Hands down, my favorite podcast, bar none.

The word polymath is an understatement where Professor Cowen is concerned, and this manifests itself in various ways, but perhaps nowhere more so than in the podcast. I do not know too many people who will be able to hold an hour long conversation with people ranging from Martina Navratilova to Larry Summers, and in the process, more than hold their own.

Here’s what I like about the podcast in general: Tyler Cowen doesn’t interview the person he is talking to, he has a conversation with them. And while seemingly obvious, this needs mentioning for two reasons. One, the conversations are never confrontational, not even remotely so. If the guest indicates the slightest degree of discomfort while talking about a particular point, the conversation moves on.

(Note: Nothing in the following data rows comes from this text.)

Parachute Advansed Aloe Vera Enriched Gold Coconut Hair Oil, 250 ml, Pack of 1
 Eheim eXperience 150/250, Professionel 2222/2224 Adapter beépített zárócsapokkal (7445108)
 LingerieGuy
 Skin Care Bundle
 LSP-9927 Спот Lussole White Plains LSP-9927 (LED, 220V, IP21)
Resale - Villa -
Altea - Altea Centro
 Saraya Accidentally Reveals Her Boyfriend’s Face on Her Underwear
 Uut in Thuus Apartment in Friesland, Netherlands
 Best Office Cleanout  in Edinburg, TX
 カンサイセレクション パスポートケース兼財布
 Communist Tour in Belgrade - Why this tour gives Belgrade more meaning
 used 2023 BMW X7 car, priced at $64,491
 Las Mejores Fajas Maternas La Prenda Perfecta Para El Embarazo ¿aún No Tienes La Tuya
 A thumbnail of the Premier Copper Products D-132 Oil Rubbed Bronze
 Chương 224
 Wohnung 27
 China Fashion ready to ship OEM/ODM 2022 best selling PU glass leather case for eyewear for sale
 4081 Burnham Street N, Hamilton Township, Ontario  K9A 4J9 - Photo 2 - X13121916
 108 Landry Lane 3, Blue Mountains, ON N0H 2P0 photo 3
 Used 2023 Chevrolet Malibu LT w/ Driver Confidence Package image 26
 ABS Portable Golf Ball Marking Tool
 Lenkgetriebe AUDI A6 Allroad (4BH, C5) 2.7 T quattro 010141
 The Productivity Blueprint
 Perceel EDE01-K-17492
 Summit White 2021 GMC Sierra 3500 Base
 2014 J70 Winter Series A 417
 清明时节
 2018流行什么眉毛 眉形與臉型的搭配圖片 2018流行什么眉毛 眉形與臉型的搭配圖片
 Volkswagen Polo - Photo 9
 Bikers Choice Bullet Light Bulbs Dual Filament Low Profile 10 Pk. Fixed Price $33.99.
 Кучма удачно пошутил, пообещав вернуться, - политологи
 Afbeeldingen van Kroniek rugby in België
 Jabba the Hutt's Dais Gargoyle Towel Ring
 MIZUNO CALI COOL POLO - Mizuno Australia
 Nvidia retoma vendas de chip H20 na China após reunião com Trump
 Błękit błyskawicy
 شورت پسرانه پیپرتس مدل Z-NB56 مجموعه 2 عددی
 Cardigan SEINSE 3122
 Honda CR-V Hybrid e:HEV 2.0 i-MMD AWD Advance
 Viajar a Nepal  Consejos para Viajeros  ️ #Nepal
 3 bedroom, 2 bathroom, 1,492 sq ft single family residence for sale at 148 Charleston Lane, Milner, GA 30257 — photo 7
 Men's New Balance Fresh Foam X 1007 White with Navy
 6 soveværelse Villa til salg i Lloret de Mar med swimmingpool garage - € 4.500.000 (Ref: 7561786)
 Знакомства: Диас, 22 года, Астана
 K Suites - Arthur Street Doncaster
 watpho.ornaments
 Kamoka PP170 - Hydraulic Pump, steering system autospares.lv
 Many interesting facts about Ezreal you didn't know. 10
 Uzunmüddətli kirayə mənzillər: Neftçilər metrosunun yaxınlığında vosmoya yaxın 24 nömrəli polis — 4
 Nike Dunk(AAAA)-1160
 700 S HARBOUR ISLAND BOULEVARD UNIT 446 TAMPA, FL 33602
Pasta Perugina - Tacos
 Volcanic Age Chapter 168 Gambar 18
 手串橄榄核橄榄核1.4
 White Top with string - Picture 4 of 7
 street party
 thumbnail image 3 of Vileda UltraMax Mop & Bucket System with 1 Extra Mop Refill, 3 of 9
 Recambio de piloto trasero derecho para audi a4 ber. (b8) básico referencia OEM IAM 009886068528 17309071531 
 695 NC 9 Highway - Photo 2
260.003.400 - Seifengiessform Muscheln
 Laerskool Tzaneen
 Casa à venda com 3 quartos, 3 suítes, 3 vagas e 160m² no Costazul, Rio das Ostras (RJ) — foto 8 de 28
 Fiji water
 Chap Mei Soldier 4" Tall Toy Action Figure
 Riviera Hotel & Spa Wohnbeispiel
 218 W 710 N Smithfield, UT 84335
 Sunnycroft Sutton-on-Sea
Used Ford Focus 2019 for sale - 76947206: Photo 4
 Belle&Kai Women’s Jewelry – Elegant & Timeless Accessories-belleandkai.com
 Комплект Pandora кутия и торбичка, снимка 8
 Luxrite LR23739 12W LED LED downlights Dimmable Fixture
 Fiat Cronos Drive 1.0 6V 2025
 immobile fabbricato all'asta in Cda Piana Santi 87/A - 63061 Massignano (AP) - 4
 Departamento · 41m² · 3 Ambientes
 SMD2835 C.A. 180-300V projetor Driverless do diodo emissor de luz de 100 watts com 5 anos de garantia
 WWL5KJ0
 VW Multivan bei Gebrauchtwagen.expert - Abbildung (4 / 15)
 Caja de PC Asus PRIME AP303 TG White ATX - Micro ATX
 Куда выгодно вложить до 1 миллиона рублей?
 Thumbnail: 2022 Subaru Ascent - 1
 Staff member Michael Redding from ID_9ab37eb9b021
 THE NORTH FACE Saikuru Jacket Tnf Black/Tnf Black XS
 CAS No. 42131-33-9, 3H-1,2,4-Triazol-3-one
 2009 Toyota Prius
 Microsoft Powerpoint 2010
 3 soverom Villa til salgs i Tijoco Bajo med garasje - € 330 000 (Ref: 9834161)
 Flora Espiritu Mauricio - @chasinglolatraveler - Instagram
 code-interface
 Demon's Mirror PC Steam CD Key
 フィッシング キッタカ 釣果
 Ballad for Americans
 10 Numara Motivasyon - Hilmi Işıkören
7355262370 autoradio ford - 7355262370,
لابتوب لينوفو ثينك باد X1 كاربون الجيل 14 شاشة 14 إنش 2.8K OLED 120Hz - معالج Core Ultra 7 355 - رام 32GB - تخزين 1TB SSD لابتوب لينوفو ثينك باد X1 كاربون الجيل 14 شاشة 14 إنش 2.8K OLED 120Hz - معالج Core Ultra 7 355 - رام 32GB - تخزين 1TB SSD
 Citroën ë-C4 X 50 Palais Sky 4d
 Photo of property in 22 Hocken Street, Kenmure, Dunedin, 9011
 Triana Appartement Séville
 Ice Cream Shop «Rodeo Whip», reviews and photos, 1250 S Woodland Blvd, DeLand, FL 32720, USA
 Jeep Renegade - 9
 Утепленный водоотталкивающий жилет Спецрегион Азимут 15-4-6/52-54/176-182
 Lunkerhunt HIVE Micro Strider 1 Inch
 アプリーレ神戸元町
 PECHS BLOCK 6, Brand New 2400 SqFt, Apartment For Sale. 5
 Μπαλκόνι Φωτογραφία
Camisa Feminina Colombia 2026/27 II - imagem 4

Second, the conversation is a genuinely Cowenian celebration of that person’s oeuvre. In most episodes, but not all, there is a question about how Tyler Cowen thinks about what the person has tried to do in their career: what were the big questions that the person was trying to address? Is there therefore a common theme that emerges from that person’s career? In other words, the entire conversation has a unifying idea, around which other questions are built. The pertinent sections from the conversations with Dani Rodrik, Jeffrey Sachs, and Malcolm Gladwell are especially fun to listen to in this regard.

You should listen to this podcast to find out more about these people and find stuff you can consume (books, movies, paintings, articles, whatever) – but above all, you should listen to the podcast to learn how to have a conversation. Tyler Cowen learns through the conversation, and in the process, he teaches us how to learn by having a conversation. It’s a remarkable gift to bequeath.

Which episodes would I recommend in particular? The very first one, with Peter Thiel, the one with Dani Rodrik, and the ones with Fuschia Dunlop and Mark Miller (they’re Kill Bill 1&2, in a sense) are particularly good. But really, every single one of them is gold.